The Elon giveth and the Elon taketh away. In case you’re wondering why Bitcoin and other cryptocurrencies have been cratering in the past 24 hours, the Dogefather himself – Elon Musk – has announced Tesla will no longer accept Bitcoin as payment until further notice, citing environmental concerns via Twitter.
“Tesla has suspended vehicle purchases using Bitcoin,” writes Musk.
“We are concerned about rapidly increasing use of fossil fuels for Bitcoin mining and transactions, especially coal, which has the worst emissions of any fuel.”
“Cryptocurrency is a good idea on many levels and we believe it has a promising future, but this cannot come at great cost to the environment.”
“Tesla will not be selling any Bitcoin and we intend to use it for transactions as soon as mining transitions to more sustainable energy. We are looking at other cryptocurrencies that use <1% of Bitcoin’s energy/transaction.”

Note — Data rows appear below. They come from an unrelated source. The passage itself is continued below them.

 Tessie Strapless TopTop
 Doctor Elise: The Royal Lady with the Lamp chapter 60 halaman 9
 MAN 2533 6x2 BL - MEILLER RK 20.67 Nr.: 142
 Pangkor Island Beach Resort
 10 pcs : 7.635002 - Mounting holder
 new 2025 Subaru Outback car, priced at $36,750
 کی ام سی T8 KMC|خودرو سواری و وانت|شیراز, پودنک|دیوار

The development comes as something of a shock given how the electric automaker only recently purchased US$1.5 billion (AU$1.95 billion) worth of Bitcoin for “more flexibility to further diversify and maximise” returns on cash; in addition to the fact Musk has been one of crypto’s greatest champion, moving markets with nothing more than a couple of characters and perhaps the odd meme – although it certainly seems to be the trend with Elon this past week, beyond Bitcoin alone.

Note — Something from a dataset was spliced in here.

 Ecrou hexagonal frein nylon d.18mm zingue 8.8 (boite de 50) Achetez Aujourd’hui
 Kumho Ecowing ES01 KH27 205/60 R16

During his appearance on Saturday Night Live, Musk remarked that Dogecoin was a “hustle” in the Weekend Update skit, causing his first crypto-related casualty of the month. The price absolutely plummeted from its all-time high and Dogecoin’s price has still yet to recover approaching the mid-week as investor confidence begins to waver in this regard – despite SpaceX’s best efforts to re-legitimise a meme.
The decision will undoubtedly draw criticism from those who have skin in the game (see: above), although it’s the logical move for a company whose mission statement involves a greener future. Research conducted by the University of Cambridge has indicated Bitcoin mining consumes as much electricity annually as entire countries – exceeding that of both Argentina and Norway – amounting to an untenable rate of 130 Terawatt-hours. That’s approximately 0.6% of the global electricity consumption.

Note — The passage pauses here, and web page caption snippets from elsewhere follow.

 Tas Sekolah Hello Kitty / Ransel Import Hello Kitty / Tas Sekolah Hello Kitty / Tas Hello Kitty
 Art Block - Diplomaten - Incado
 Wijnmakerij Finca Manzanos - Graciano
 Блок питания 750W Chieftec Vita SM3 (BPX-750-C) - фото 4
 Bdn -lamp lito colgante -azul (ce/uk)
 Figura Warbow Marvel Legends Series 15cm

“The environmental impact from mining bitcoins was one of the biggest risks for the entire crypto market,” says Edward Moya, Senior Market Analyst at OANDA.
“Tesla has got an image of being environmentally friendly and Bitcoin clearly is the opposite of that,” says Chris Weston, Head of Research at Pepperstone, Melbourne.
According to CNBC, US$365 billion (AU$472 billion) was wiped off the market. At the time of this writing, Bitcoin is priced at US$50,214 while Dogecoin is sitting at US$0.43.